We have heard the phrase a thousand times…”your call is important to us please hold”. This is the standard message we hear when we call a company’s call center. Interspersed we may hear about “an unexpectedly high call volume” and other variations on the theme. All of these messages serve to keep us informed of the call volumes impacting on the call center and thus are intended to mitigate our frustration with the call not being answered immediately. But what is a reasonable delay in answering our call… 20 seconds, one minute, twenty minutes? What event had impacted on the center and caused them to be unable to answer our call?
The general public can only guess about the underlying causes while we, in the call and contact center industry, know the truth about this guilty little secret. There was no unexpected run on the call center, no surge that caught the center blind. The reality is that there are only two likely reasons why the call wasn’t answered promptly; either the management of the company has determined not to or the call center senior management is incompetent. What other reasons can there be?
Ignorance or Neglect, your Choice
Call and contact centers produce a huge amounts of data and the center management can analyze the data and information to determine call volumes and patterns and forecast what volume of calls to expect when. This forecasting process is a basic tenant of call and contact center management.
Senior corporate executives constantly communicate a message that their customers are their number priority, yet these otherwise intelligent, savvy and effective communicators fail to support the customers when they have the opportunity…when the customer contacts the center.
I recently had to tell the CEO of a Fortune 500 company that their Mission Statement was a lie. I told him that the company’s’ commitment to “world class customer service” was incompatible with a wait time of more than 20 minutes to get a phone call answered. Perhaps this wasn’t he best way to begin a consulting engagement and certainly this wasn’t a pleasant conversation of either of us, but it was the start of a process that today has this company answering their calls within their stated service level parameters.
So let’s examine the reasons why companies don’t answer our call in a timely manner. First let’s look at why a company would neglect and alienate their primary asset: their customer.

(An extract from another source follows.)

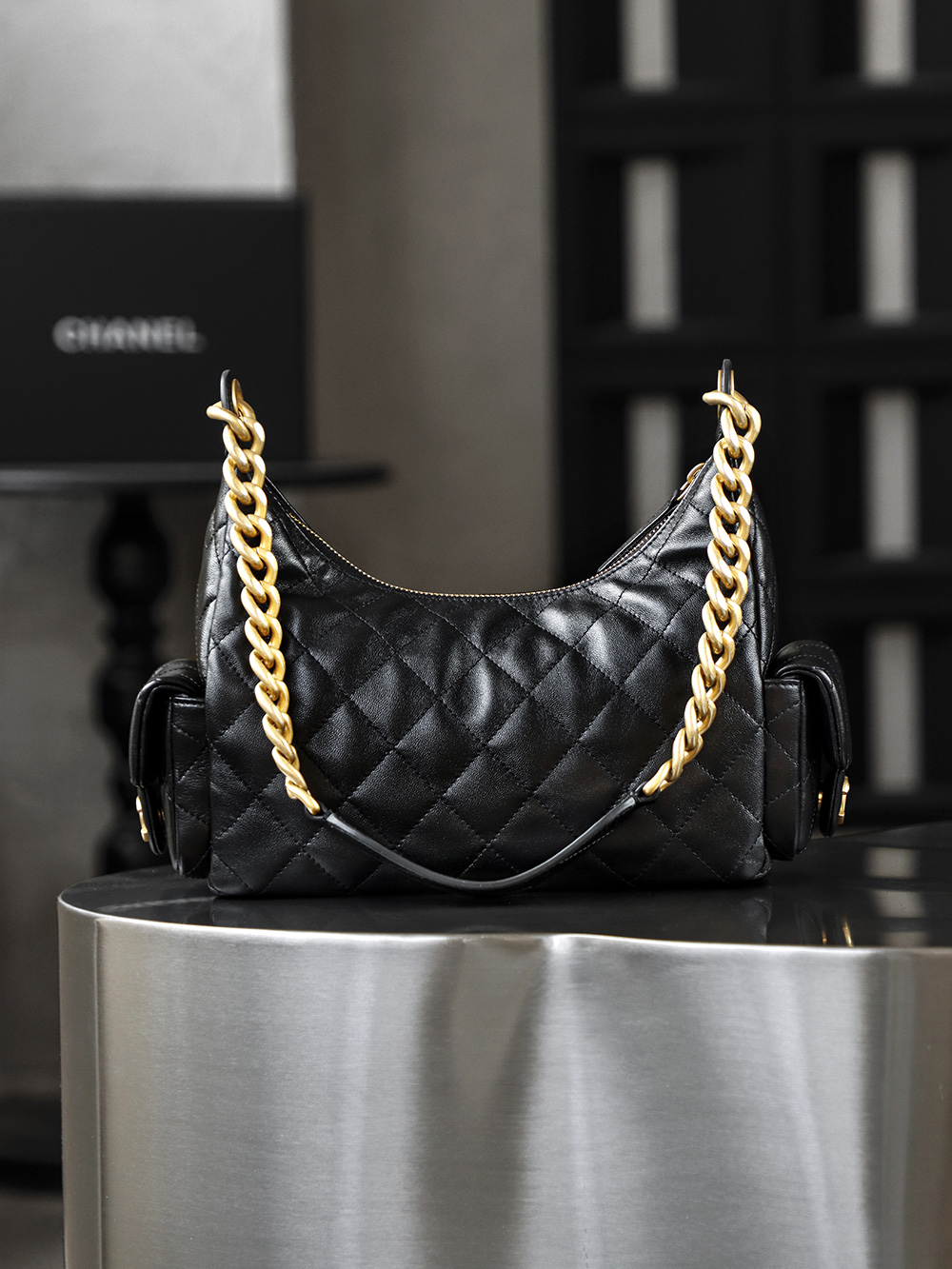 大号.顶规 Chanel 香奈儿 25C 嬉皮 头层皮 手提袋 斜挎包 包包  黑色  AS5339-B18791-94305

Familiarity breeds contempt
The nature of contact and call centers provide some insight to this problem. Call centers in particular employ a device that we use and take for granted each and every day…a telephone. We have grown up using the phone, we don’t see this as complicated technology. We view the phone as a basic everyday item. This point of view can lead us to not fully appreciate the challenges and dynamics that come into play when you put 10 or 20 or 300 phones and agents together in a room and ask them to service customers. As I was once told by a senior VP at a packaged goods company, “we don’t need your help to answer the phones, I have one of these at home”, he said while holding up his telephone set, “I use it every day”. This familiarity can breed contempt. If instead of a telephone, we were employing some ‘black box’ technology with a catchy three letter acronym (TLA), then we wouldn’t be so eager to dismiss the complexities and subtle nuances that managing incoming calls can present.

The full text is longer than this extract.